(1p. 103-105).

XXXIV

Décembre 1842.

Il y a longtemps que je veux vous écrire. Mes nuits se passent à faire de la prose pour la postérité ; c’est que je n’étais content ni de vous, ni de moi, ce qui est plus extraordinaire. Je me trouve aujourd’hui plus indulgent. J’ai entendu ce soir madame Persiani, qui m’a raccommodé avec la nature humaine. Si j’étais comme le roi Saül, je la prendrais en place d’un David. On me dit que M. de Pongerville, l’académicien, va mourir : cela me désole, car je ne le remplacerai pas, et je voudrais qu’il attendît jusqu’à ce que mon temps fût venu. Ce Pongerville-là a traduit en vers un poëte latin nommé Lucrèce, lequel mourut à quarante-trois ans pour avoir pris un philtre à l’effet de se faire aimer ou de se rendre aimable. Mais, auparavant, il avait fait un grand poëme sur la Nature des choses, poëme athée, impie, abominable, etc.

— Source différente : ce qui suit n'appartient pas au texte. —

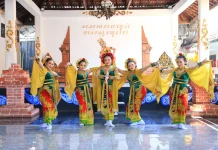 Lapas Banyuwangi Bina Warga lewat Seni Tari Tradisional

La santé de M. de Pongerville me tracasse plus que de droit, et puis je vais être obligé de me lever à dix heures après-demain pour les ennuis du jour de l’an. Comment tout le monde ne s’entend-il pas pour voyager ou aller à tous les diables, ce jour-là ? J’ai encore d’autres ennuis qui vous feraient rire et que je ne vous dirai pas. Savez-vous que, si nous continuons à nous écrire sur ce ton d’aimable confiance, chacun gardant pour soi ses pensées secrètes, nous n’avons qu’une ressource, c’est de soigner notre style, puis de publier un jour notre correspondance, comme on a fait pour celle de Voiture et de Balzac ? Vous avez surtout une manière de considérer comme non avenues les choses dont vous ne voulez pas parler qui fait le plus grand honneur à votre diplomatie. Il me semble que vous embellissez. Cela me paraissait impossible, car la mer ne peut acquérir de nouvelles eaux. Cela prouve que ce que vous perdez d’un côté, vous le gagnez de l’autre. On embellit quand on se porte bien ; on se porte bien quand on a un mauvais cœur et un bon estomac. Mangez-vous toujours des gâteaux ?

Adieu ; je vous souhaite une bonne fin d’année et un bon commencement de l’autre. Vos amis useront vos joues ce jour-là. Lorsque j’aurai fini la prose dont je vous parlais tout à l’heure, j’irai pour ma peine passer une dizaine de jours à Londres. Ce sera vers Pâques.